The filling rate will depend on the number of users, the size of the pit and the volume of additional materials (soil etc) added to the pit. The addition of an equal volume of soil/ash to the excreta does not mean that the filling rate of the pit is doubled. In fact faeces holds between 70 - 80% of its volume in water. The liquid fraction which constitutes almost the entire bulk of excreta will slowly be absorbed into the soil and the solid fraction that remains converted by the soil organisms. Bulky leaves, which should be added generously to eco-pits soon condense in volume considerably once they have composted. They may only occupy one quarter or even less of their original volume. The importance of adding leaves cannot be overemphasised.

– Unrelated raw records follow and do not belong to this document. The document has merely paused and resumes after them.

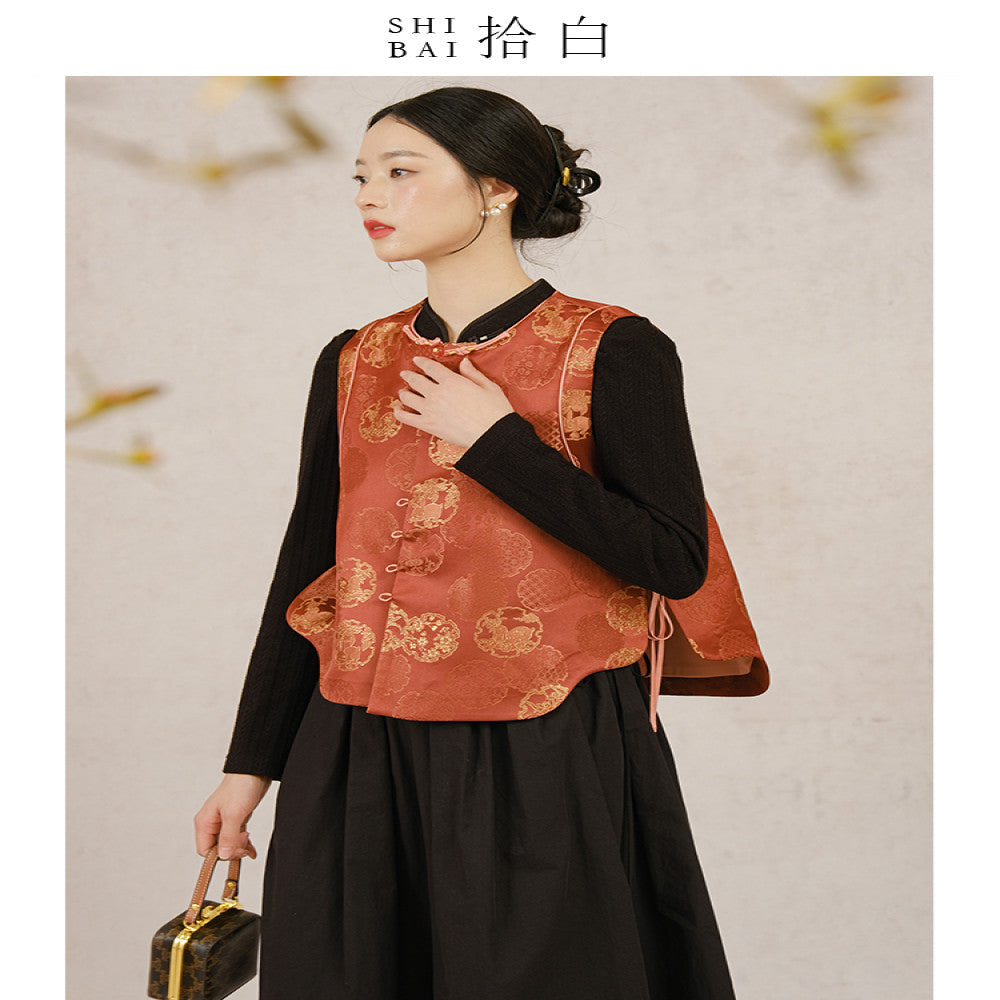 SHIBAI s new Chinese style vest for women in spring and autumn original design Chinese style woven brocade jacquard buckle vest image 3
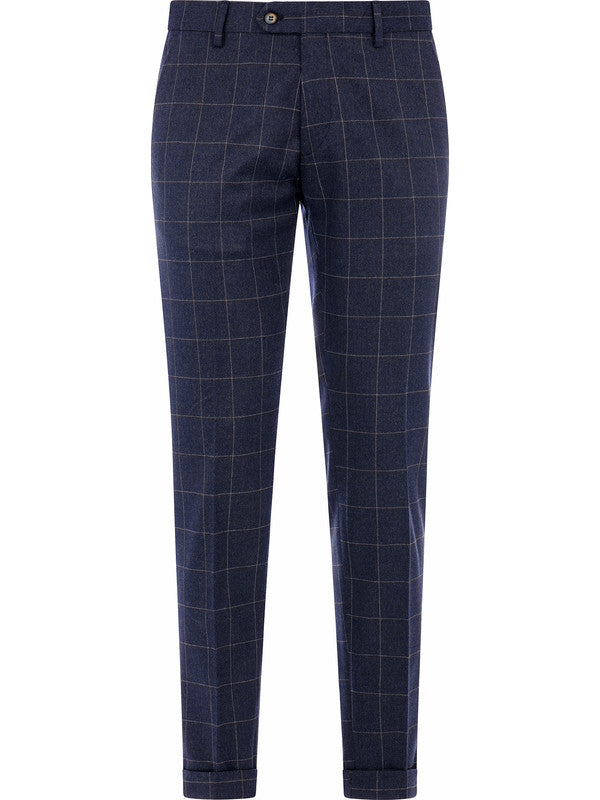 Pantalone blu classico uomo a quadri gost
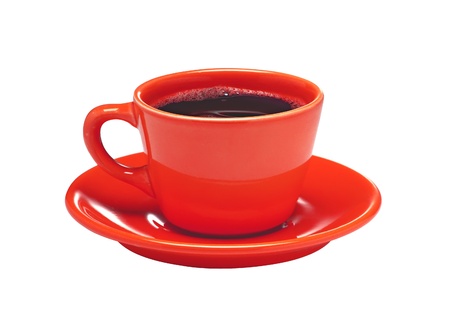 Red cup of coffee on plate isolated on white backgroundの写真素材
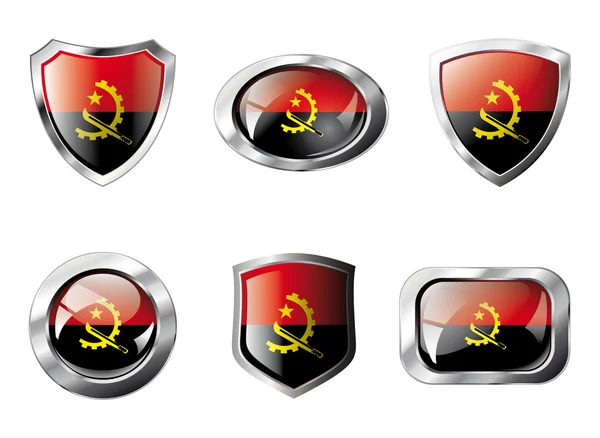Angola set shiny buttons and shields of flag with metal frame - — Stock Vector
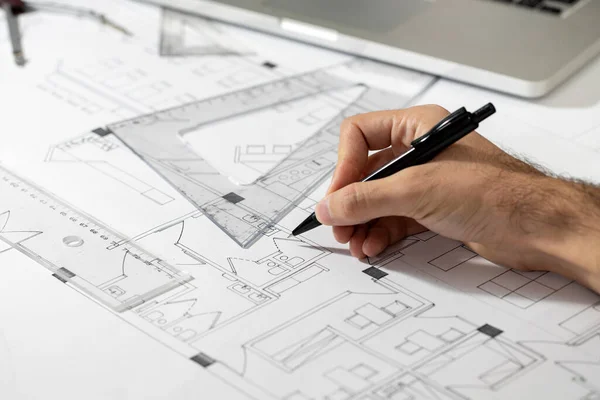 Arquitecto Ingeniero Diseño Trabajando Concepto Planificación Blueprint Concepto Construcción Enfoque — Foto de Stock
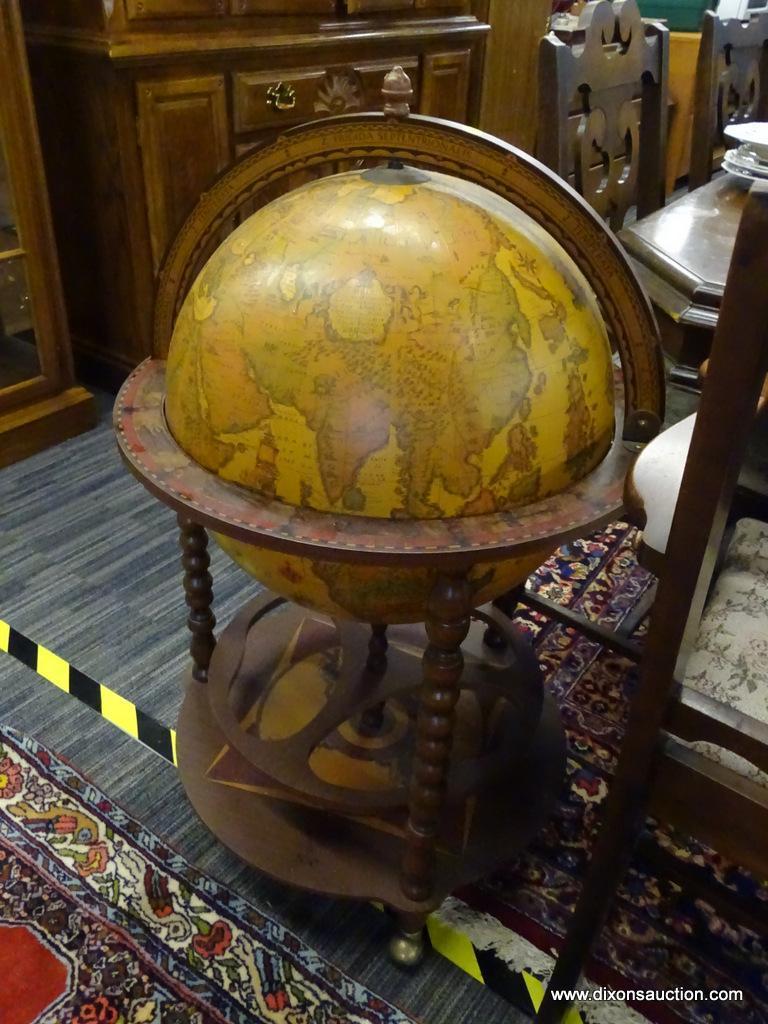 GLOBE PORTABLE MINI BAR; MINI BAR LIFT TOP GLOBE, GOPLUS WOOD GLOBE WINE BAR STAND 16TH CENTURY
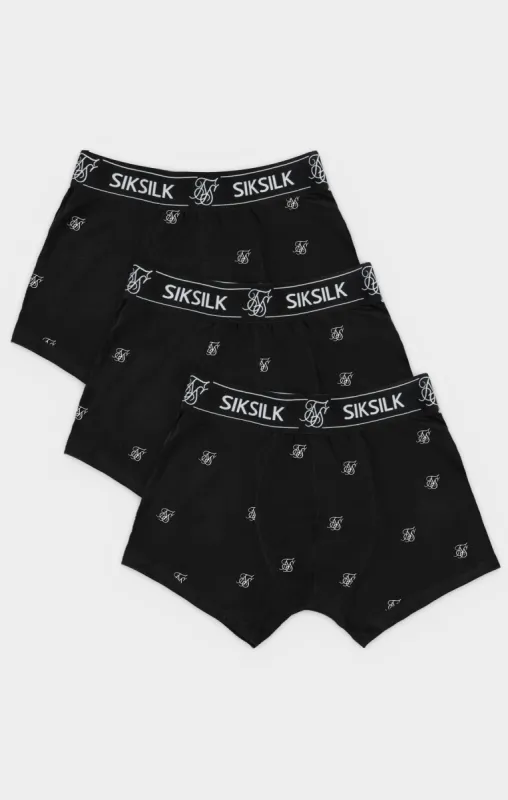 Black 3Pk Logo Boxer sold by Siksilk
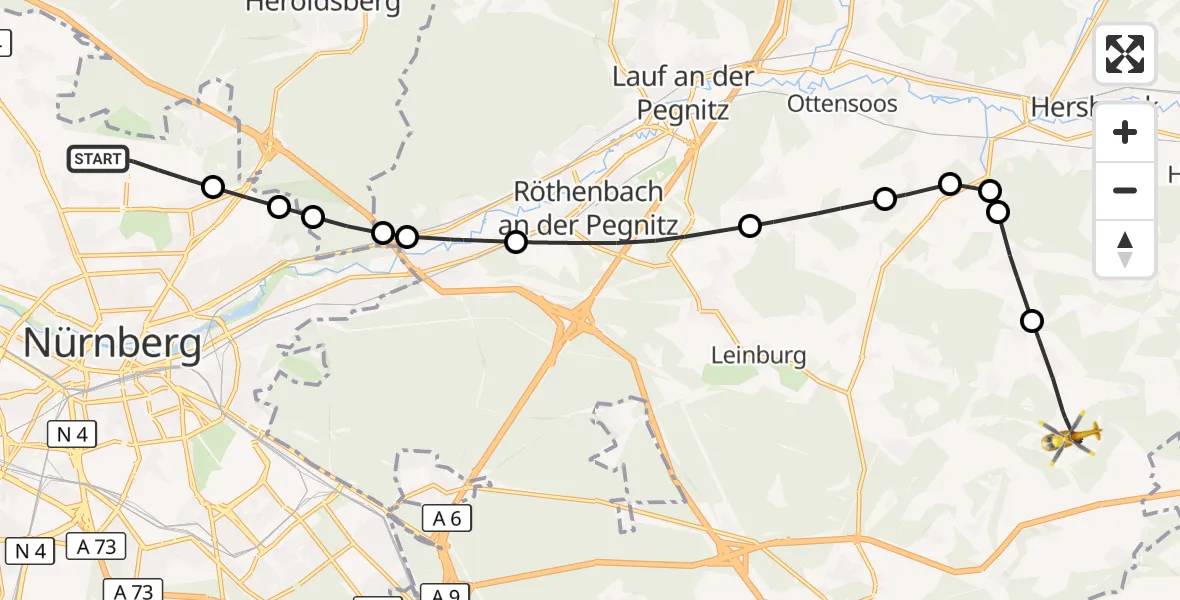 Flugroute Ambulanzhubschrauber Flughafen Nuremberg - Offenhausen, 02 Oktober 2026, 09:10
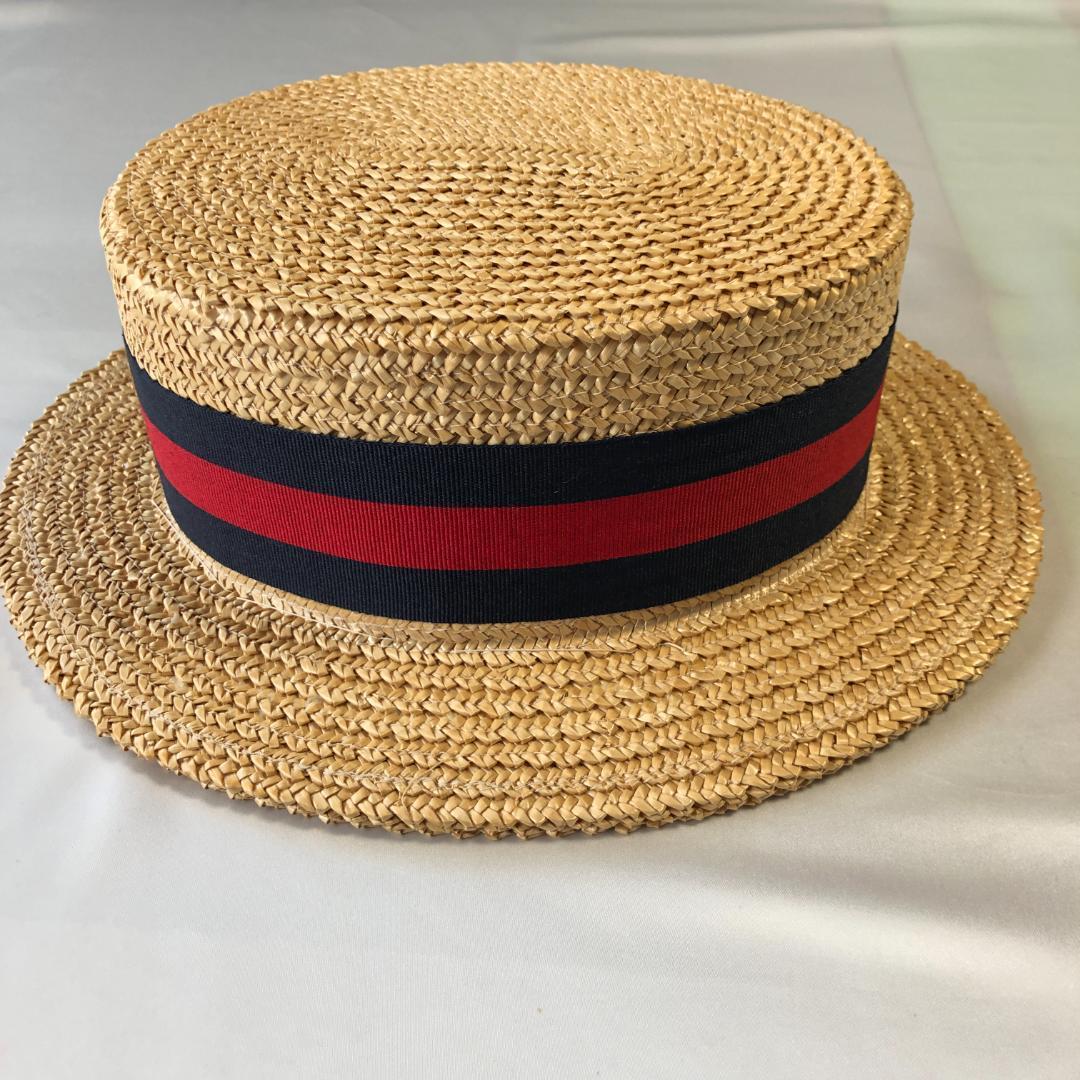 未使用級　イタリア製　ポンテリアルト カンカン帽　麦わら帽子　59cm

If the rate of filling is high where the number of users is high, the double pit system may not be adequate. If for instance the pit fills in 6 months due to overuse, this will upset the balance required between pit filling and pit content decomposition. Under these conditions, normally a large family or family with lodgers or a communal system, the Fossa alterna concept will only work if extra pits are dug and protected. It will be necessary to dig and protect at least one extra pit and possibly two extra pits. The portable structure is then rotated around the pits in sequence. What is essential is that each pit is allowed at least 12 months to compost before it is dug out.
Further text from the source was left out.